Initially launched in 2011, Google Art Project was redesigned in April 2012 expanding the number of museums with the "walk-through" feature from 17 to 51. Now, you can saunter through the Metropolitan Museum of Art, MoMA and The Frick Collection from your living room.

The blurred Anonymous Paintings were created by João Enxuto and Erica Love. Due to copyright issues, artworks that are on loan at a given institution – and therefore not under its direct ownership – may not be imaged or distributed as part of Google Art Project. Therefore, loaned artworks are blurred. Enxuto and Love took screenshots of these blurred images, printed them out and exhibit them in actual gallery space.

By now we've seen a bunch of photography and art projects that get to grips with Google's all-seeing-eyes. We've seen artists play with Street View, Google Earth, glitches, sculpture, performance and a whole lot more. For us, Enxuto and Love's project is one of the most theoretically rigorous and thoughtfully presented projects out there.

In Spring, the duo completed a Whitney Independent Study Program and developed their ideas further.
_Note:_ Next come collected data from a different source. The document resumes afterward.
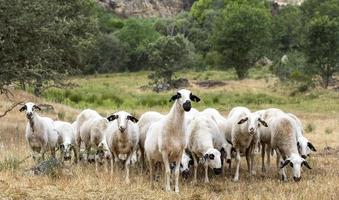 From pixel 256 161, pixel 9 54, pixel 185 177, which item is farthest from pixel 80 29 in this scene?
pixel 185 177

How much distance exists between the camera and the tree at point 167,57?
199 feet

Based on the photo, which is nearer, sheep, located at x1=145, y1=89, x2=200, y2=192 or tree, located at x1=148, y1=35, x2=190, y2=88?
sheep, located at x1=145, y1=89, x2=200, y2=192

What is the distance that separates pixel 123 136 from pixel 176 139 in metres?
1.82

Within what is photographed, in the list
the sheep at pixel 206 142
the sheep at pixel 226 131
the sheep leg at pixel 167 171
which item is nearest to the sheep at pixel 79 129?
the sheep at pixel 206 142

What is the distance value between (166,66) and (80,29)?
77.1 feet

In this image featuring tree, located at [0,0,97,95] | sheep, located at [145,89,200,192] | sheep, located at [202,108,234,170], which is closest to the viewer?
sheep, located at [145,89,200,192]

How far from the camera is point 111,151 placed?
13.8 meters

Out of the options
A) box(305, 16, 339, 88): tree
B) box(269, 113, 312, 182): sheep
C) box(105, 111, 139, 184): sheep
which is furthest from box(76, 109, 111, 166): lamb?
box(305, 16, 339, 88): tree

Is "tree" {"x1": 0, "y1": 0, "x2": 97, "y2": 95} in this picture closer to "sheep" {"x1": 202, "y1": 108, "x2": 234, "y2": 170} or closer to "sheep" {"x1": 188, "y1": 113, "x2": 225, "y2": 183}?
"sheep" {"x1": 202, "y1": 108, "x2": 234, "y2": 170}

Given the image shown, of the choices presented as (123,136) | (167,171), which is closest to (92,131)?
(123,136)

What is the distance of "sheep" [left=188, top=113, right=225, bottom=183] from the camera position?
1325cm

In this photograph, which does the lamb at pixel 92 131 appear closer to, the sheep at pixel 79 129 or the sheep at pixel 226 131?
the sheep at pixel 79 129

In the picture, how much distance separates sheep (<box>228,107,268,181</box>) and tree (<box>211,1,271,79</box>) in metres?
47.5

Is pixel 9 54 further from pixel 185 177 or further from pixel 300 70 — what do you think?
pixel 300 70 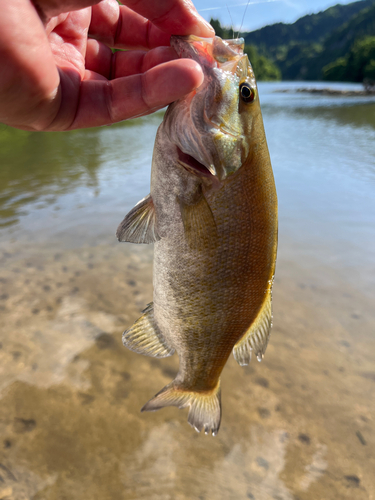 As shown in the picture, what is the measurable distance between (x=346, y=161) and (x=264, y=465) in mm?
10056

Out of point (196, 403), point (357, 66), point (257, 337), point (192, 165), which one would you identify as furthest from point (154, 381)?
point (357, 66)

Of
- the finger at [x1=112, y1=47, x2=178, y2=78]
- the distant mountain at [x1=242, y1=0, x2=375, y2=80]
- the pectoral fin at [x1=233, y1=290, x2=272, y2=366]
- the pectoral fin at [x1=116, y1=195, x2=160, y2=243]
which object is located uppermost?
the distant mountain at [x1=242, y1=0, x2=375, y2=80]

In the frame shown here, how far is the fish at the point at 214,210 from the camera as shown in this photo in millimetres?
1701

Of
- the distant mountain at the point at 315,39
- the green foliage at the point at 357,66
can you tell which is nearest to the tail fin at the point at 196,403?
the green foliage at the point at 357,66

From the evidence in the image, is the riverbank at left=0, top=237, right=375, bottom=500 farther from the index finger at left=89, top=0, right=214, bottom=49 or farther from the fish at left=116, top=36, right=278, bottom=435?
the index finger at left=89, top=0, right=214, bottom=49

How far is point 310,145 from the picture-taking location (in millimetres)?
13391

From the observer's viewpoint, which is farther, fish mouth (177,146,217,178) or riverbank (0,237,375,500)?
riverbank (0,237,375,500)

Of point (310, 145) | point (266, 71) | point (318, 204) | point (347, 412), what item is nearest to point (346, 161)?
point (310, 145)

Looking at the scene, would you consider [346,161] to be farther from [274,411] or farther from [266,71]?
[266,71]

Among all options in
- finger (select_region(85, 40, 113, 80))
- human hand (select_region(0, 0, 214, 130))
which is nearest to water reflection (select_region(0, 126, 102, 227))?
finger (select_region(85, 40, 113, 80))

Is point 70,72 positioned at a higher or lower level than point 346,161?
higher

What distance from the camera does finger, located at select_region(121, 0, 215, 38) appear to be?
5.65 feet

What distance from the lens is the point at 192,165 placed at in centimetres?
176

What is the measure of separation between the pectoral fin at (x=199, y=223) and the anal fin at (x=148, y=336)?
712 millimetres
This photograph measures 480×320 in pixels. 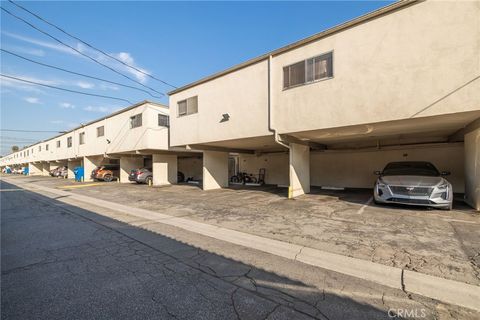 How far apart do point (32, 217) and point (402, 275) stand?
1000 cm

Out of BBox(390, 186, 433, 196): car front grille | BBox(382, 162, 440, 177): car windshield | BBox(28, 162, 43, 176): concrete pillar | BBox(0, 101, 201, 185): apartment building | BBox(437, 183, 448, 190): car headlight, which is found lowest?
BBox(28, 162, 43, 176): concrete pillar

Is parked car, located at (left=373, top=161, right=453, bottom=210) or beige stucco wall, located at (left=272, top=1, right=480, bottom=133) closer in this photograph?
beige stucco wall, located at (left=272, top=1, right=480, bottom=133)

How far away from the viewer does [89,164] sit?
24281 millimetres

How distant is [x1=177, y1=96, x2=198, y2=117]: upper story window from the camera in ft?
39.0

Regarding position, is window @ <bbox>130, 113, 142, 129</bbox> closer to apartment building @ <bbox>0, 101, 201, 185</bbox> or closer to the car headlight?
apartment building @ <bbox>0, 101, 201, 185</bbox>

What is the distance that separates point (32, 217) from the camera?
712 cm

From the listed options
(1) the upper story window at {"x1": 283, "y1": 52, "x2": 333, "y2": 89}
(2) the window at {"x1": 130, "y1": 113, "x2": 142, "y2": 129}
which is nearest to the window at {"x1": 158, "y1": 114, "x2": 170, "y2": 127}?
(2) the window at {"x1": 130, "y1": 113, "x2": 142, "y2": 129}

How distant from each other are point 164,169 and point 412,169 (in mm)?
16398

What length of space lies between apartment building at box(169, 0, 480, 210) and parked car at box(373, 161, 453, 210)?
1017mm

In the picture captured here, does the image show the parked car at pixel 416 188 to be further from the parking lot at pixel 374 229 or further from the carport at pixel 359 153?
the carport at pixel 359 153

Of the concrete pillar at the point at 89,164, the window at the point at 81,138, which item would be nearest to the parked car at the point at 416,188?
the concrete pillar at the point at 89,164

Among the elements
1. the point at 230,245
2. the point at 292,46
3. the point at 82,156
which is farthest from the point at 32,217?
the point at 82,156

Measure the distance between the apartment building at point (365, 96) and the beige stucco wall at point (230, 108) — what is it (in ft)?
0.15

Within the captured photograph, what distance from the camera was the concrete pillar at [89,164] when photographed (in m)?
23.7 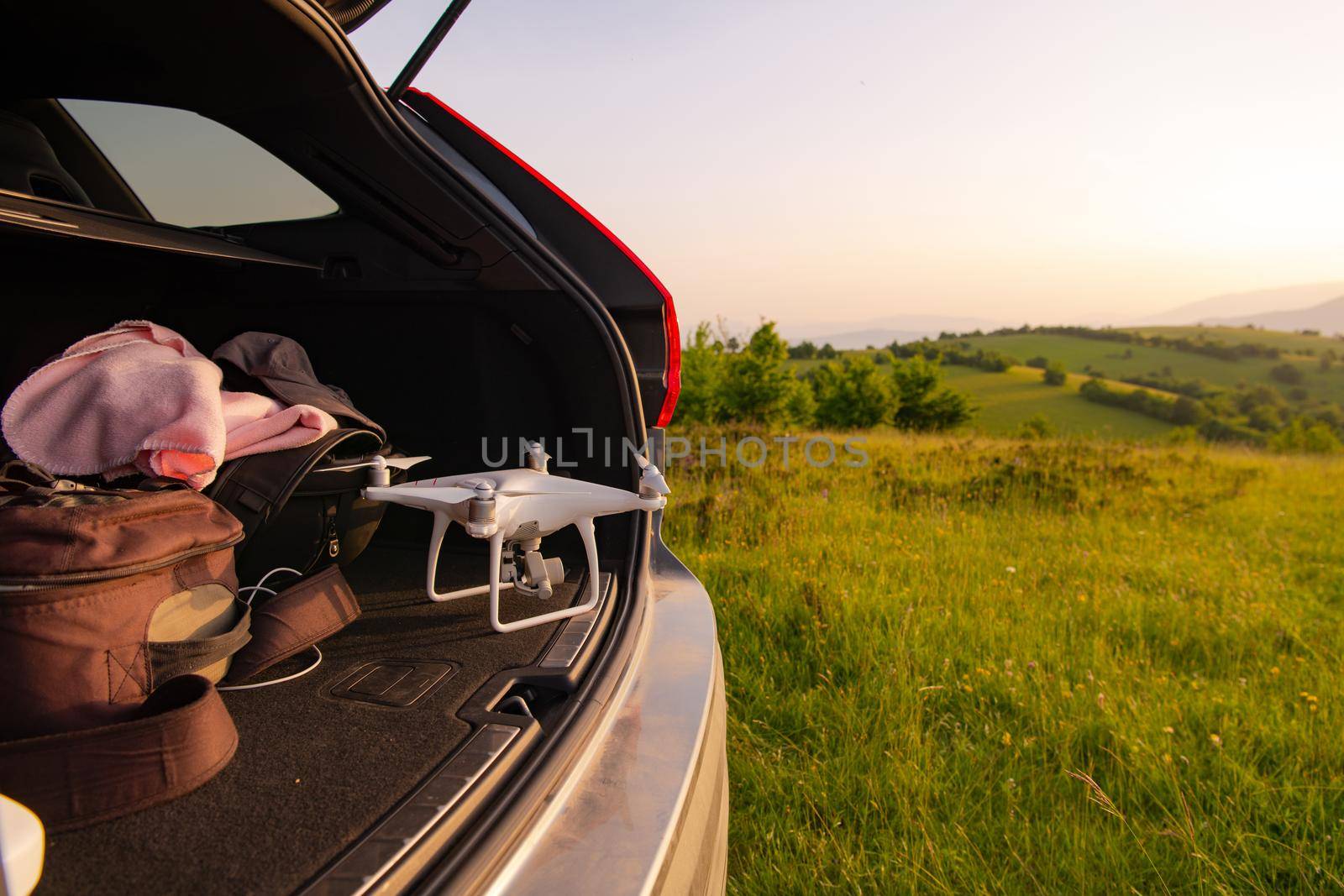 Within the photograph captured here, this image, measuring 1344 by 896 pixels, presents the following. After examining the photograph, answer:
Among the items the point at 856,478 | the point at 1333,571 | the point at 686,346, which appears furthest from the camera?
the point at 686,346

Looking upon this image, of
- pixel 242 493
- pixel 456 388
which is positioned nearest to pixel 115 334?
pixel 242 493

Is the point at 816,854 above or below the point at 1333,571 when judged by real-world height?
above

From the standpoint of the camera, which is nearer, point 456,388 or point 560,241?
point 560,241

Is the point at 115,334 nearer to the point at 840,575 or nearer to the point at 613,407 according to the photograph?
the point at 613,407

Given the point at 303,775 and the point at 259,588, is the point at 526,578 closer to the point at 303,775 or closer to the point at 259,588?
the point at 259,588

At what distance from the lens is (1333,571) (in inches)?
165

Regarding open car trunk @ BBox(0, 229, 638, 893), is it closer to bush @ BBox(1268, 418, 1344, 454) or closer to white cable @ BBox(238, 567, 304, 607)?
white cable @ BBox(238, 567, 304, 607)

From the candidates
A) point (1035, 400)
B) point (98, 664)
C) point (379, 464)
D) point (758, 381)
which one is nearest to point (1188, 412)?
point (1035, 400)

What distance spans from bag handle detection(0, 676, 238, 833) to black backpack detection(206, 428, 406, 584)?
0.59 meters

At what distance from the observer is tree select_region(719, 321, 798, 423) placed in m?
12.5

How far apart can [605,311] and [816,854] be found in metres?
1.41

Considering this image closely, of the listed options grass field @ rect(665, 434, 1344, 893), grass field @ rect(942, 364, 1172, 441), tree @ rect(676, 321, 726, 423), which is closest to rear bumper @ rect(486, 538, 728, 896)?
grass field @ rect(665, 434, 1344, 893)

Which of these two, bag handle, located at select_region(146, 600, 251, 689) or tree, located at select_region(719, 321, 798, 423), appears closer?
bag handle, located at select_region(146, 600, 251, 689)

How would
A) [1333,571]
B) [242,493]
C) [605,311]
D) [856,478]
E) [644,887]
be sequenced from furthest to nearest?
1. [856,478]
2. [1333,571]
3. [605,311]
4. [242,493]
5. [644,887]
We wanted to tap their latest thoughts and find out how exactly they "use abstraction as a code for autonomy and freedom from Google's comprehensive visual record."

WIRED: How do you define Google’s relationship to art?

João Enxuto and Erica Love: Google is single-handedly redefining the public sphere of art spectatorship in much the same way that it is redefining the mapping of public space.

As screen interfaces become a primary means for the disembodied spectator to access artworks and as museums give up the responsibility of digitization (of the commons) to a centralized database, Google Art Project will in turn dominate the search for art in the way that it dominates internet search. Artworks, like any other type of data, will be optimized algorithmically.

An Anonymous Painting. © João Enxuto & Erica Love.

The rudimentary Google Art Project interface provides poor resolution and jumpy movement that falls short of 3D realism and at this point can only be considered a supplement to the IRL museum experience. However, in its short two-year life span there have already been marked technological improvements in the quality of the Art Project views. It is possible to imagine a future when Art Project will visualize galleries in high definition without the screen apparatus to encumber total visual immersion.

The marketing of 3D technologies has always stressed the sensorial experience of movement and in-depth vision. This interactivity is at odds with the monocular flatness of most historical artwork. Art Project provides a clickable gallery “walkthrough” but also the deep zoom of individual artworks, some of which were photographed with Google’s gigapixel camera. As these two viewing techniques are standardized, the ways in which the public perceives artworks will change dramatically.

WIRED: There's a tone of inevitability here. Both of the technology and of Google's pursuit of it. If Google wasn't mapping our public and cultural spaces, another authority be doing it.

Enxuto and Love: The costly and difficult process of museum gallery digitization had been carried out in the last decade by the in-house digital departments of museums. With budget cuts and the broader hollowing out of public arts funding, institutions have increasingly turned to sources of private funding. Before the rise of neo-liberalism, a project to document and archive culture was typically undertaken in the public’s interest. While we can no longer look to public funding for such an endeavor, we should not be naive and assume free-market “do no evil” benevolence.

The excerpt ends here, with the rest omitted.